Communications 820: Citizenship After Television
Communications 820: Media Audiences
The sheer pace of technological change and the phenomenal global expansion of media and communications over the past 2-3 decades have raised a number of questions concerning what we do with the media and how media shape the socio-cultural, political, economic, ethical and moral dimensions of our lives in this world. Increasing levels of media convergence – technological, industrial, and cultural –also pose challenges for how one might go about studying and theorizing ‘audiences.’ This course will take a comparative approach – across media forms, across national contexts, and across historical periods – to understanding media audiences.Drawing primarily on scholarship in media and cultural studies, and in closely related disciplines including film studies, sociology, and anthropology, we will approach the study of media audiences through a set of keywords.
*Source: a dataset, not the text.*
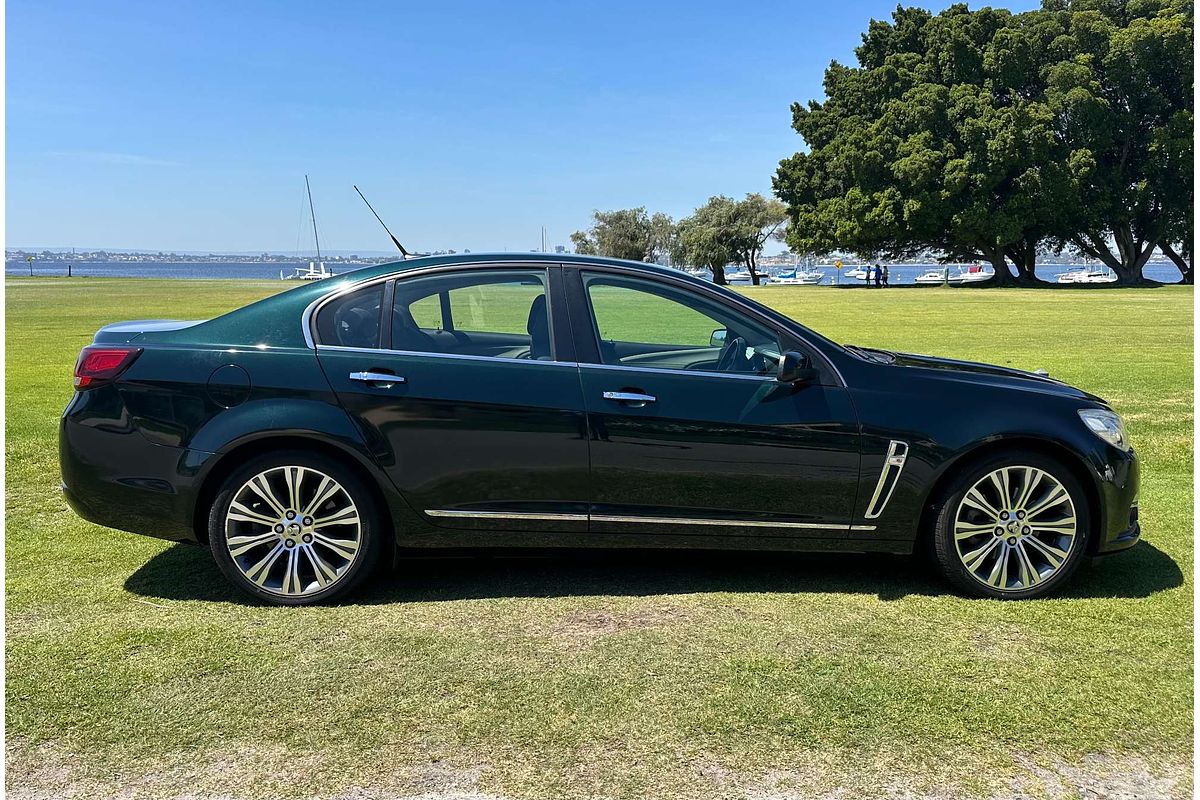 2014 Holden Calais V VF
Instead of a long march through time—starting with print and early broadcasting and moving up to new media—we will instead cut across time periods by focusing our attention on keywords/concepts that have been central to audience studies. For instance, we will discuss ‘audience as commodity’ by examining the politics of television audience measurement and set that in relation to contemporary discussions concerning algorithm-driven digital media systems and ‘big data’. In doing so, we will pay attention to methodological issues as well and students will have an opportunity to develop a proposal for an audience-focused research project.
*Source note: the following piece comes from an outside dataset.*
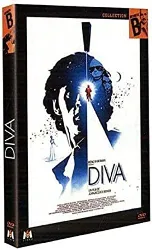 dvd diva - édition spéciale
Communications 820: Sexual Publics
This course investigates what Communication as a discipline brings to the study of sexual publics. Rather than assuming sex is a private manner, we will analyze the ways publics are constituted through sexual practices and representations; how changing ideas about sex have been communicated to “the public”; and how these discourses of sexuality construct their audience. We will consider sexual cultures from a transnational perspective and in historical context. The course will address how structural hierarchies such as gender, race, sexual identification, age, and location help to shape sexual publics.
Communications 820: Botz, Goz, & Monsters: Technological Mediations/History/Culture
History, like communication studies, can “pass” as both humanistic and social scientific, which creates opportunities, but also conundrums for historically oriented analysis of mediated communication. This interdisciplinary seminar introduces students to selected perspectives, conceptualizations, and critical modes of engagement with the interplay of technology, culture, and media/communication. It incorporates readings and case studies from a range of literatures,including social and cultural history, cultural studies, sociology, and science and technology studies (STS). The aims of the course are to explore ways in which history and critical theory have converged on questions/problems surrounding the role of media and communication in everyday life; to acquaint students with ways of thinking historically about the nature of contemporary phenomena, and to prepare students for further historically contextualized study and research.